_WHAT THE TASK REQUIRES_. Leaving the pictures aside, repeat the entries exactly.

(MATERIAL FOR THE TASK)

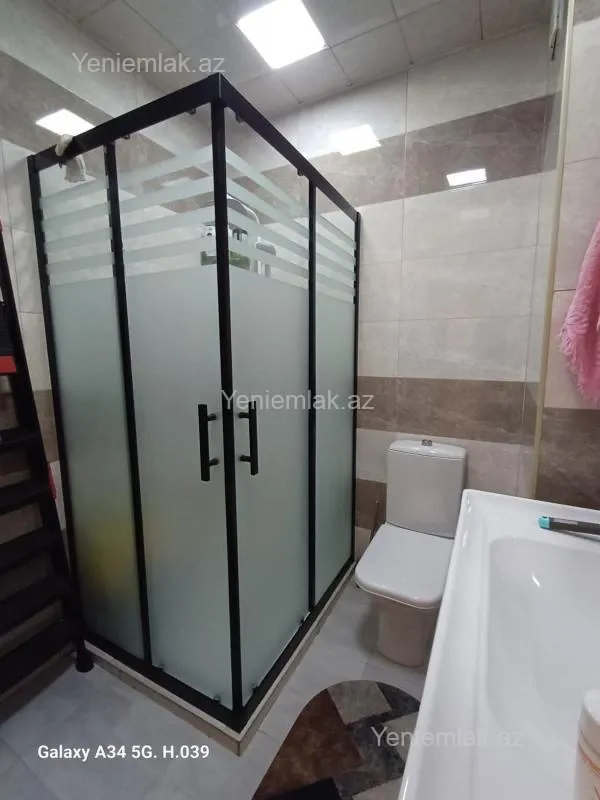 Satılır 3 otaqlı yeni tikili 105 m²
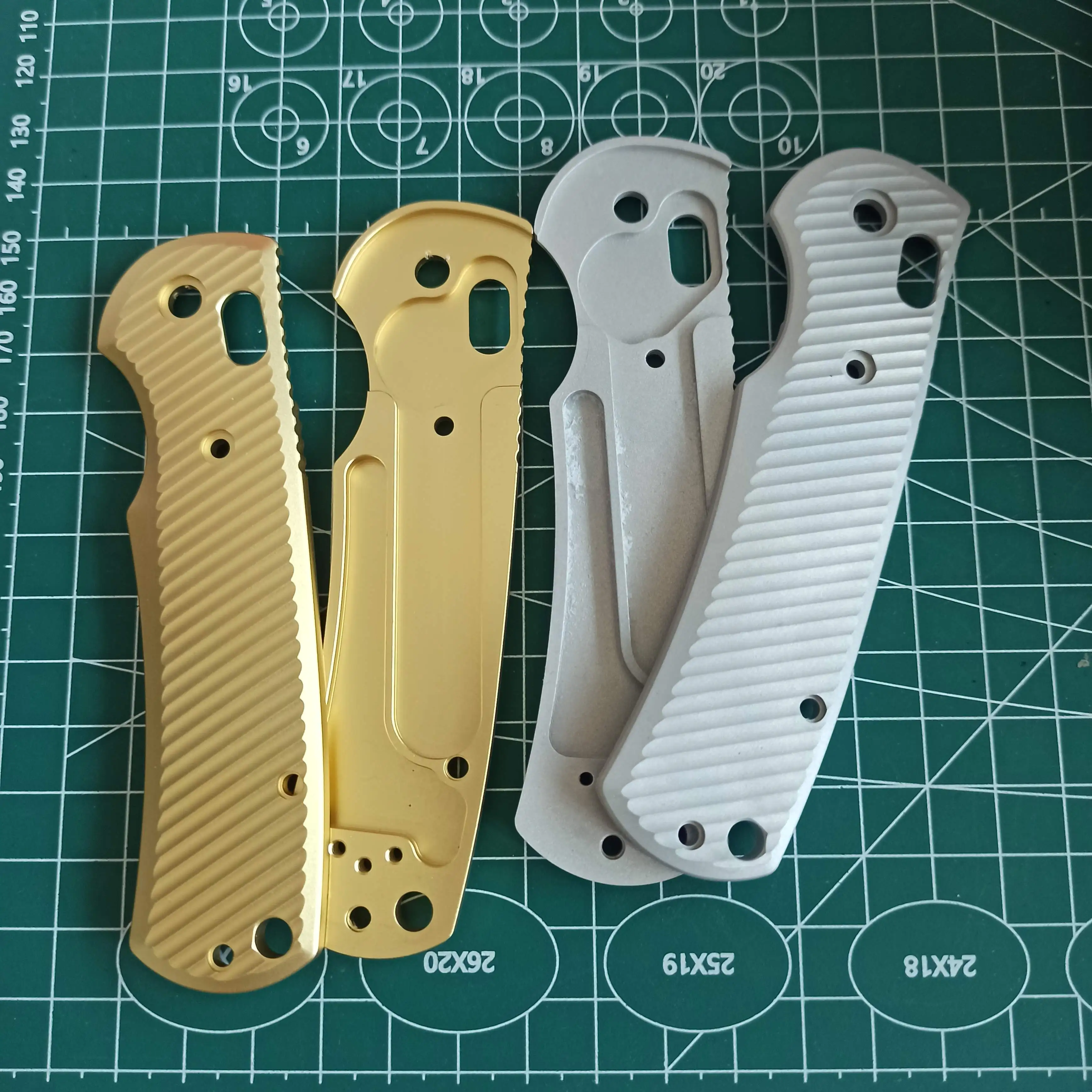 4 Colors 1 Pair Aluminum Alloy Knife Handle Scales for Benchmade Griptilian 550/551 DIY Making Accessories Parts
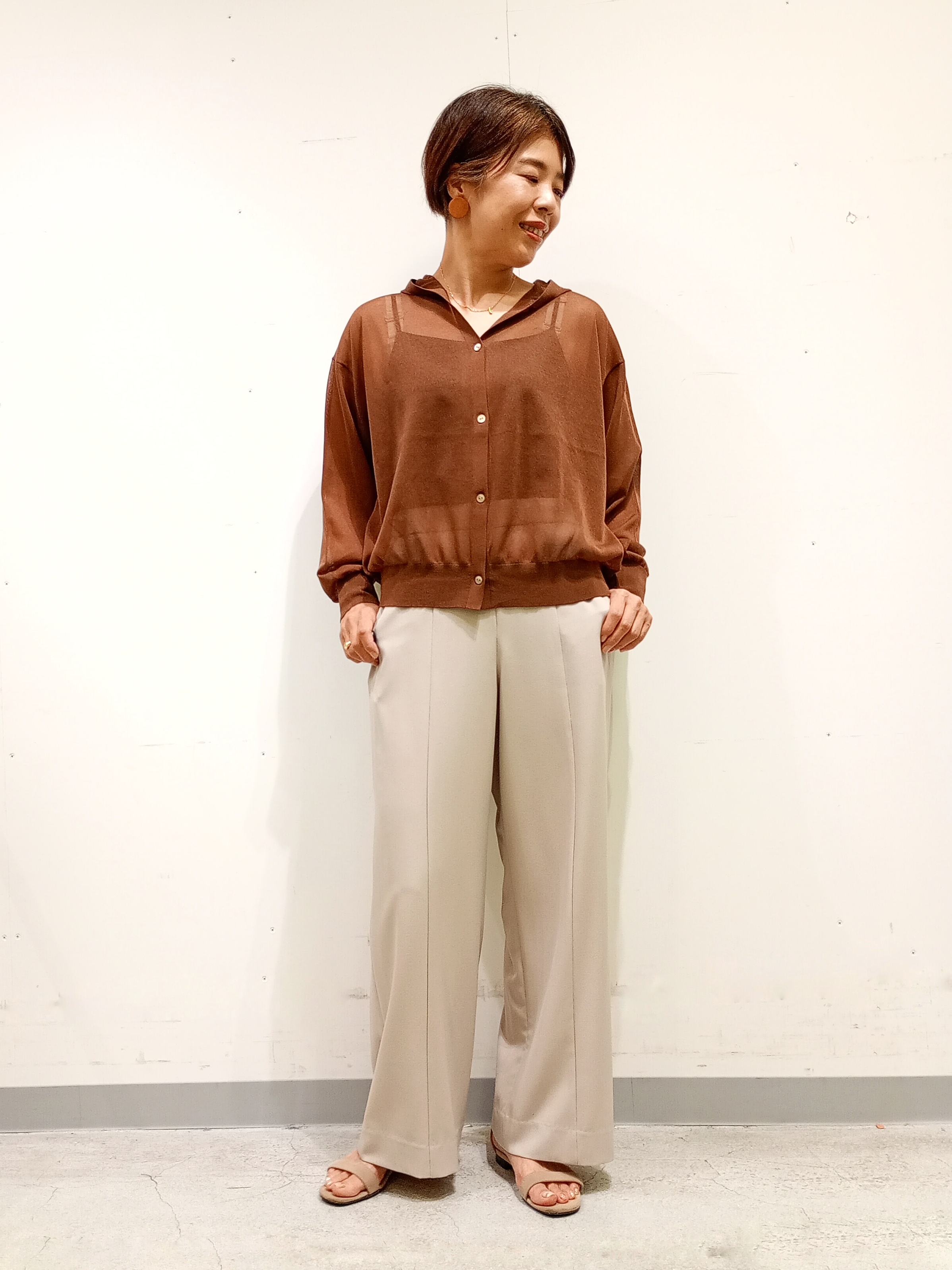 Kさんの「INDIVI｜【洗える／シアー】フーディー カーディガンニット」を使ったコーディネート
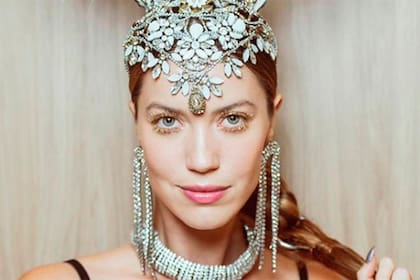 Nathalia Dill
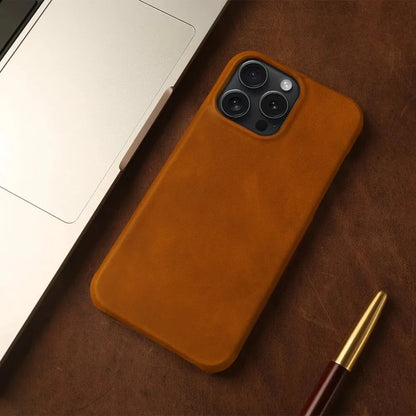 Crazy Horse Leather MagSafe iPhone Case - Gadgets image 2
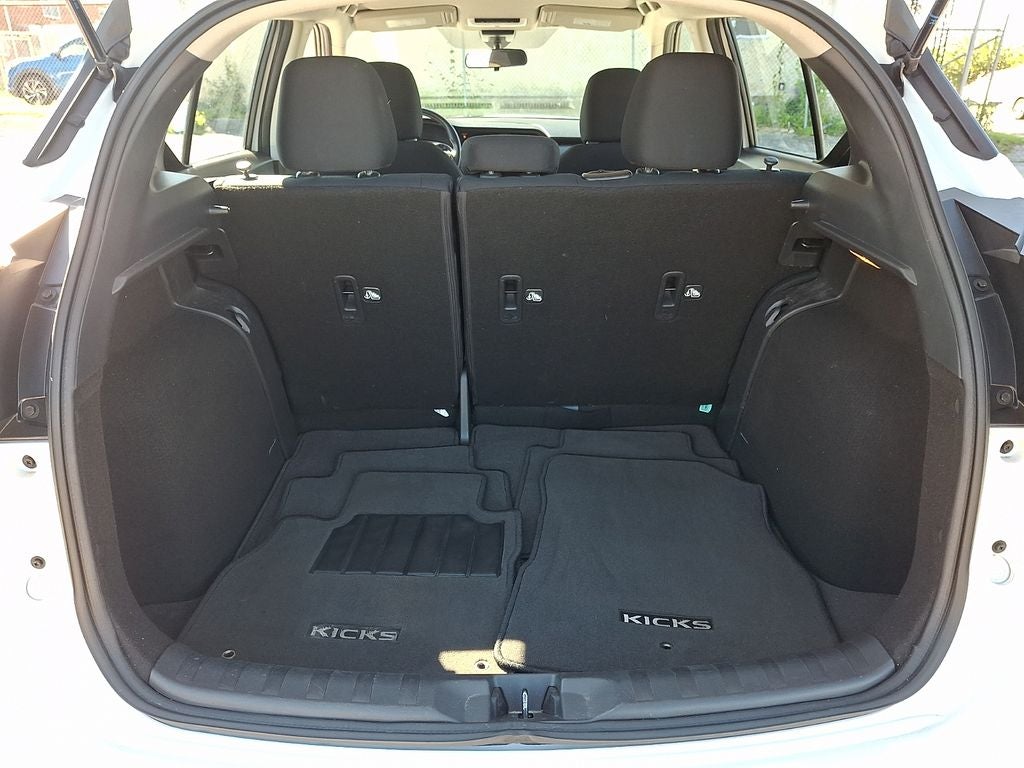 2023 Nissan Kicks S FWD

(End MATERIAL FOR THE TASK)

_EXERCISE RESULT_.
 Satılır 3 otaqlı yeni tikili 105 m²
 4 Colors 1 Pair Aluminum Alloy Knife Handle Scales for Benchmade Griptilian 550/551 DIY Making Accessories Parts
 Kさんの「INDIVI｜【洗える／シアー】フーディー カーディガンニット」を使ったコーディネート
 Nathalia Dill
 Crazy Horse Leather MagSafe iPhone Case - Gadgets image 2
 2023 Nissan Kicks S FWD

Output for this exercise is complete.